Home / Technology
Google unveils eighth-generation TPUs at Cloud Next 2026
Google designed the TPU 8t specifically for massive frontier model training tasks
Google has accelerated its custom silicon strategy with the announcement of its eighth-generation Tensor Processing Units (TPUs) at the Google Cloud Next 2026 event.
For the first time in the product's history, the company has bifurcated its hardware into two distinct chips: the TPU 8t, engineered for massive frontier model training, and the TPU 8i, a "reasoning engine" purpose-built for high-scale inference.
Google Cloud CEO Thomas Kurian described the move as a natural evolution necessitated by power efficiency constraints as AI continues to scale.

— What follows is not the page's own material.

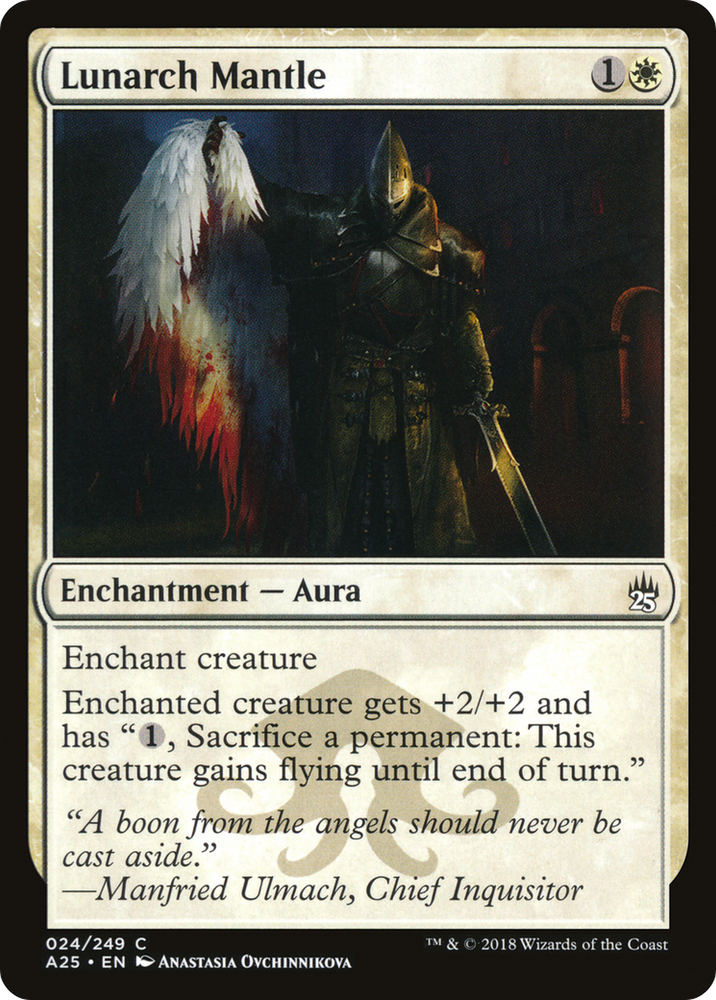 Lunarch Mantle (A25-024) - Masters 25 Foil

Both chips, which follow the seventh-generation "Ironwood" series, are expected to be available for customers later this year.
The TPU 8t is designed to shorten development cycles for the largest AI models, offering nearly three times the compute performance per pod compared to its predecessor.

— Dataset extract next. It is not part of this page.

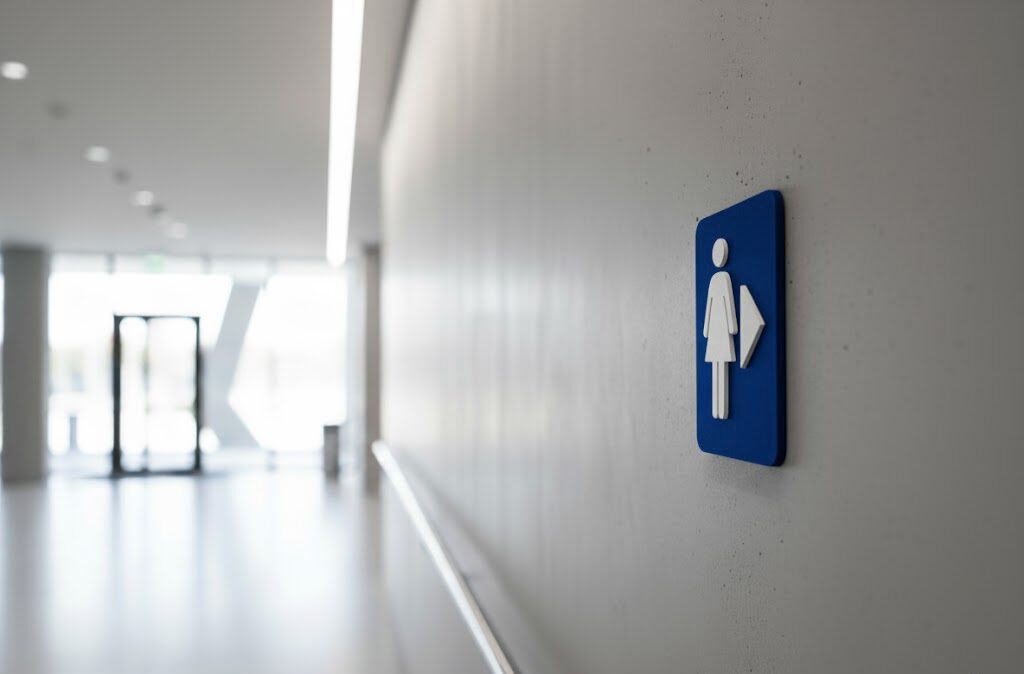 WC Schild Damen | Rechts – Bild 2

Meanwhile, the TPU 8i directly addresses the "memory wall" bottleneck by tripling on-chip SRAM to 384 MB, allowing AI agents to reason and act with significantly lower latency.
Hosted by Google’s custom Axion ARM-based CPUs, these chips represent a structural shift toward supporting "agent swarms" and continuous applications.
While Google continues to expand its custom offerings, it remains a key partner for Nvidia, announcing plans to provide access to the upcoming Vera Rubin GPU series.
However, the introduction of TPU-compatible tooling for Nvidia-friendly frameworks like PyTorch suggests a tightening competition.
This announcement comes as the industry shifts its economic focus from training models to running them at scale, a market recently heated by Nvidia’s $20 billion licensing agreement with inference rival Groq.